Two new wildcards are added: ^* and ^_.
The simple one first: ^_ will match any _space_ character, just as ^# matches any number and ^! matches any punctuation. This is useful for uniqueness, but it's also preternaturally useful for cutting down on the number of searches needed to do a job, which should make headlines in the Southern Hemisphere. The space characters matched are tab, return, space and ASCII 202, which is option-space from the keyboard. Note that this will _not_ match <\f> or any other text _representation_ of a space character. It also will not match form feed or vertical tab, since those are being isolated at read time. The NEW Minus to In-The-Hole set shows very effective use of this new wildcard.
And then, the _wild_ one: ^* will match and _store_ any run of charcaters _until_ the next character in the search string is found. If there is no charcter after ^*, everything to the end of the _buffer_ is stored. Since you have no way of knowing where the buffer ends, you are well advised to follow ^* with _something_. OTOH, if you want to make a zero-length file, this will do it:
^*
Search for anything, replace with nothing. Has a certain Congressional elegance to it...
FYI, QED: You can throw things away, as is demonstrated in Preserve Right Column and its sinister twin.
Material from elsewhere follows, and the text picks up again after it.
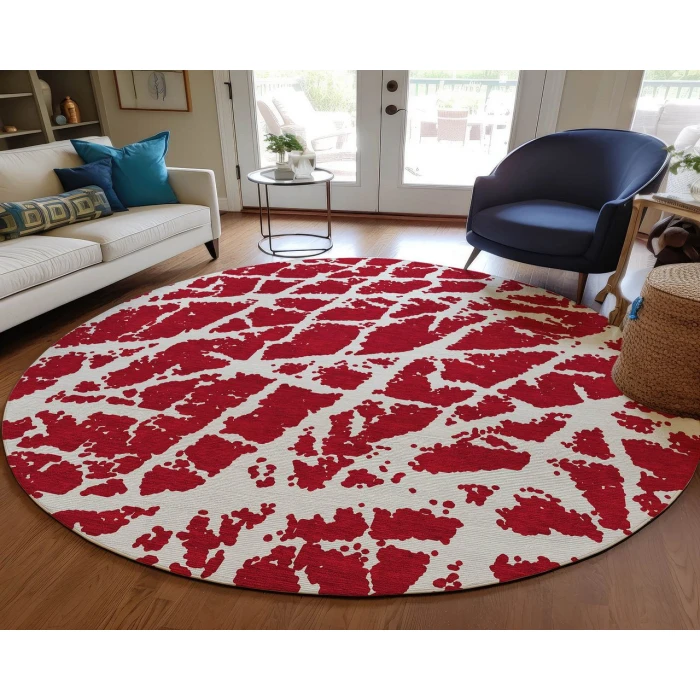 Chantille ACN501 Red 8' x 8' Rug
And, as always with the Inquisitor, you can resequence, as is shown in Fix Heads. Note that ^* matches _up to but not including_ the terminator character. You don't have to use either ^* or the terminating character on the replace side, and, if you do, you don't have to show them in the same sequence. The whole point is to make it possible to insert text after a known starting point and before a known ending point, so ^* behaves exactly like the asterisk in the Unix command line (and unlike the asterisk in the DOS command line, which has inflexible and rigidly hard-coded termination).
A ^* can be terminated with:
Literal text (not aliased, not wild, just text)
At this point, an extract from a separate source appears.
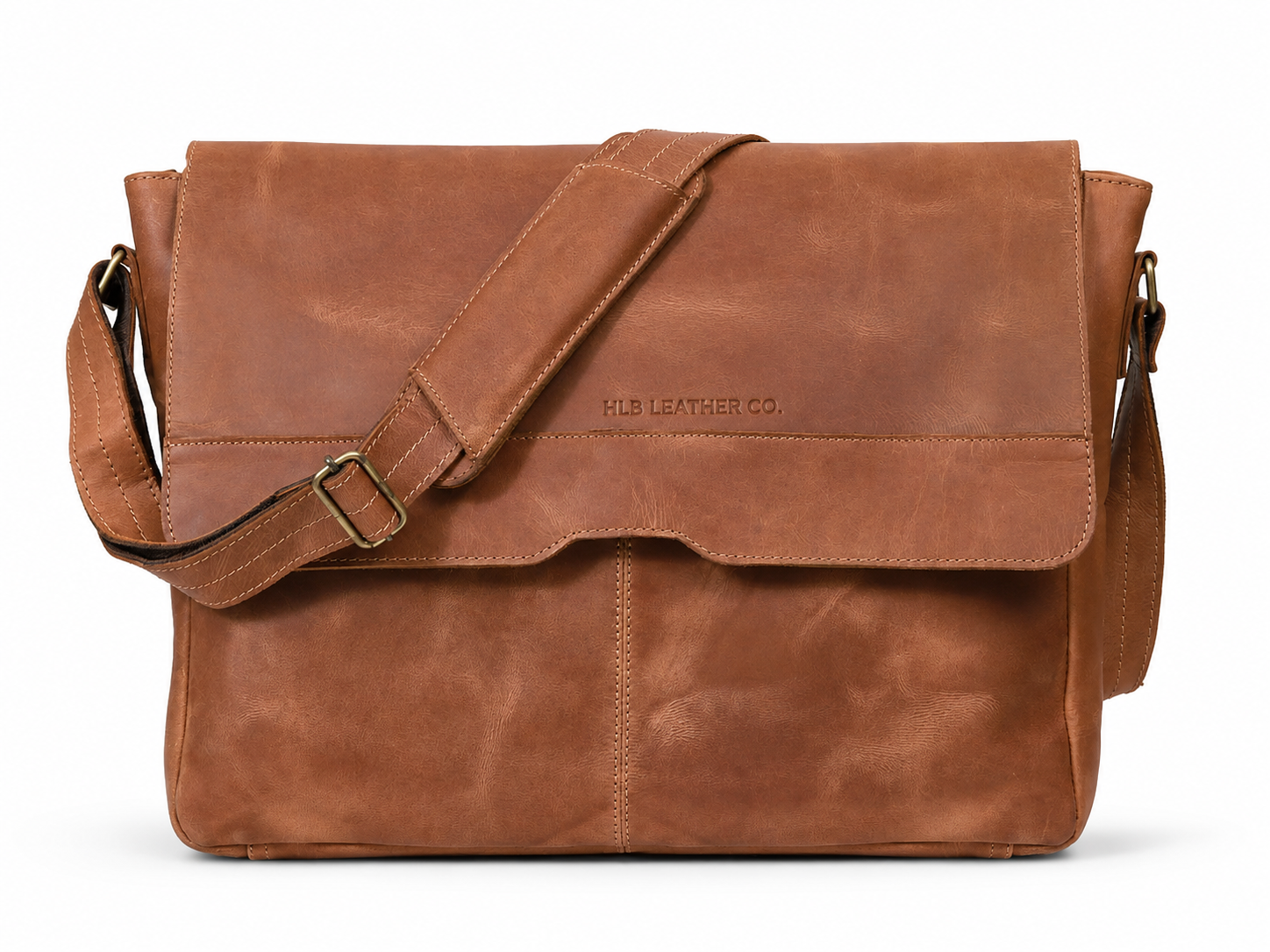 Executive Water Buffalo Leather Messenger Bag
The ^t, ^p and ^^ aliases (these are actually literal text at search time)
The ^#, ^! and ^_ wildcards (because these are 'typed' we can trust them)
A ^* _cannot_ be terminated with:
A ^0, ^1, ... ^9 wildcard (since these match _ANY_ character, the ^*'d text would be zero bytes in length, which kind of defeats the purpose)
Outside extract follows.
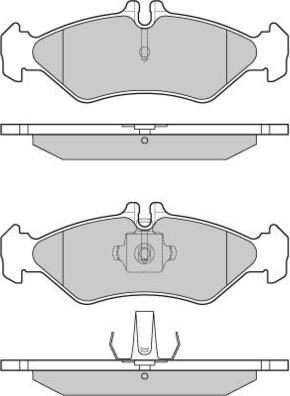 E.T.F. 12-0688 - Гальмівні колодки, дискові гальма autocars.com.ua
A ^* (for the same reason, among others)
Of course, I don't just makes jokes about sinlessness, I strive to design sinless software. So if you screw up and use one of these illegal constructs, you won't crash. Your results may not match your intentions, but they will match your request.
That's it. This is way awesome cool, and if you don't take advantage of it, you're likely to be replaced by a wilder text massager (grin).
And _this_, I swear, is the end for a while. Sure, sure sure....
Very Best,
Greg Swann
4/9/92
Further notice:
It turns out that I was worried about nothing. As your fee for waiting these 24 hours, I've added two more typed wildcards. These are:
^+ (plus) which will match any one UPPERCASE character, and
^- (minus) which will match any one lowercase character.
These work like the other typed wildcards (number, punctuation and space): only the characters that meet the test are considered to match. In that way, they are useful for uniqueness. In conjunction with ^*, they are also useful for conditional processing. This is demonstrated in Fix (ALL CAPS) Heads; this works the same as Fix Heads except that _only_ heads that are typed in ALL CAPS will be replaced; heads already in upper and lower case are left alone.
'UPPERCASE' and 'lowercase' _includes_ the appropriate eight-bit accented characters. And as a reminder, 'punctuation' also includes the eight-bit Macpunct. God is in the details...
Persons who live in other days are, of course, referred to Torquemada Prefs. I just can't bloody help myself!
Greg Swann
4/10/92
Further, Further Notice:
One additional typed wildcard is added: ^± will match any one _alphabetical_ character, upper or lower case. This was suggested by Shane Stanley and is useful for uniqeness and for terminating ^* strings (e.g., Blah^*^± can mean soak up and store characters that are _not_ alphabetical).
By popular demand version numbers have been added. I'm not real crazy about this, since I hate ResEdit, but, as this is the sixth publicly released Torquemada, it makes a certain kind of sense.